Problem to work on:
Lower down are entries containing pictures. Copy exactly, without those pictures, the lines from the line with "Used 2023 Lexus" through the line with "画像1: ケイマフリ 純米酒 720ml (1)".

Provided data:
※ ※ ※
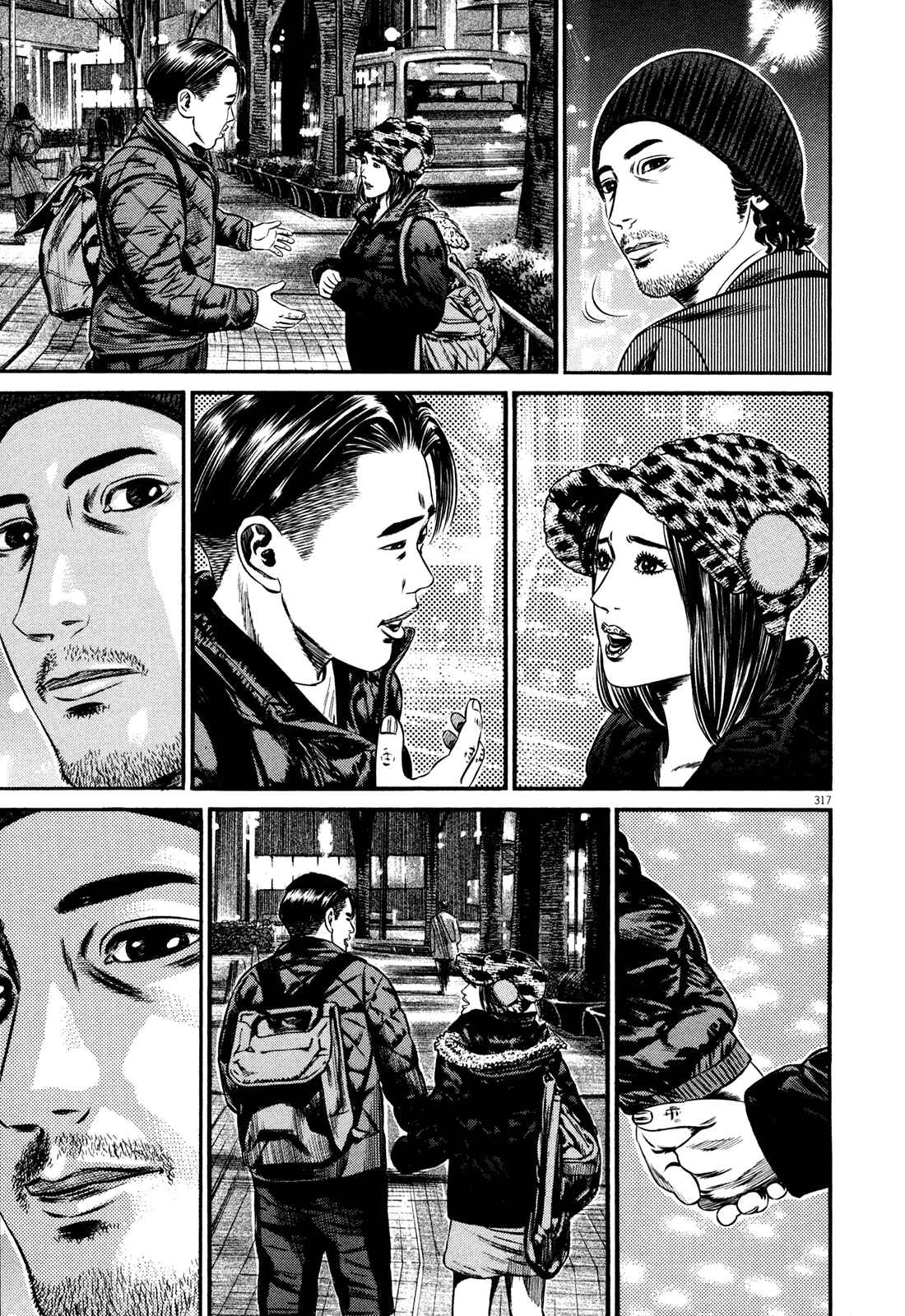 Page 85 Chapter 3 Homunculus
※ ※ ※
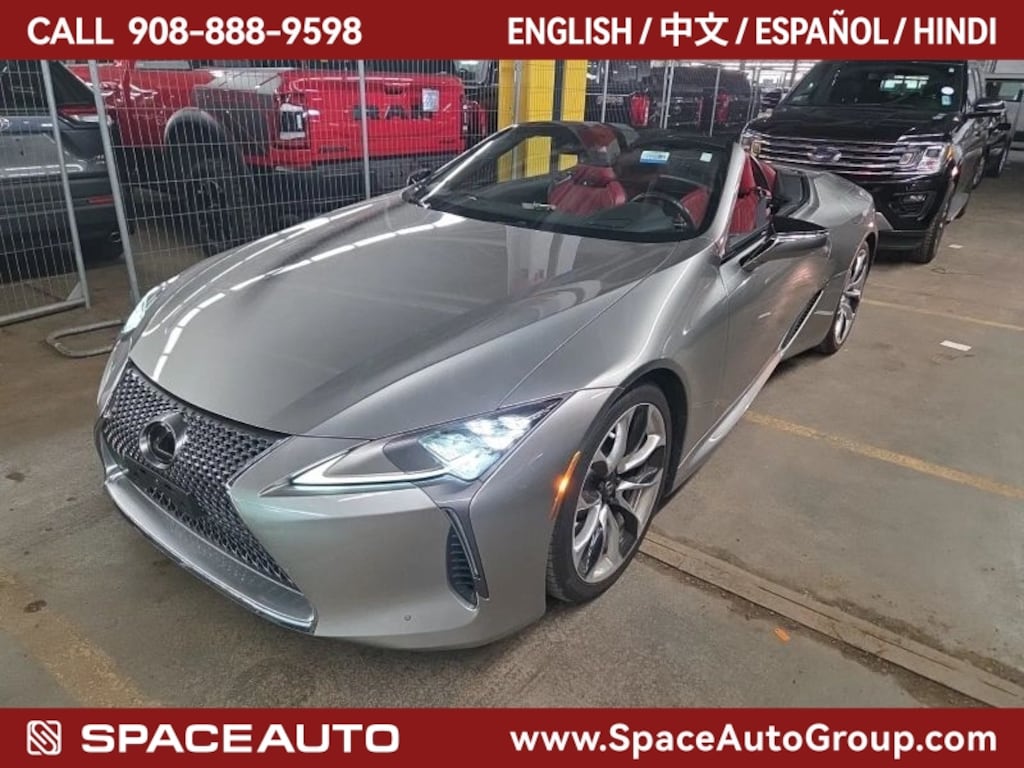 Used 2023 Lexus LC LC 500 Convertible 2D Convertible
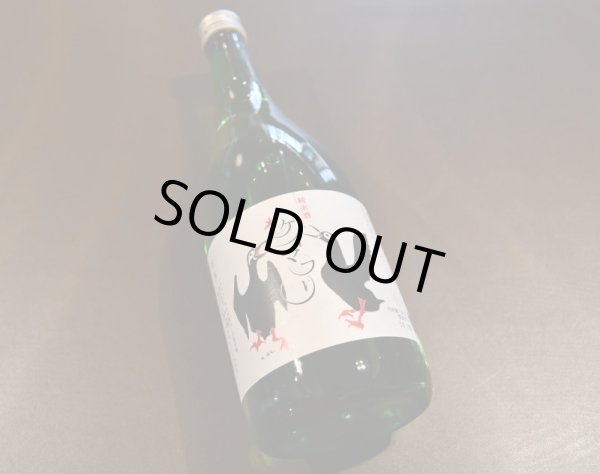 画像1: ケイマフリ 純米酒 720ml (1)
※ ※ ※
Finished exercise:
 Used 2023 Lexus LC LC 500 Convertible 2D Convertible
 画像1: ケイマフリ 純米酒 720ml (1)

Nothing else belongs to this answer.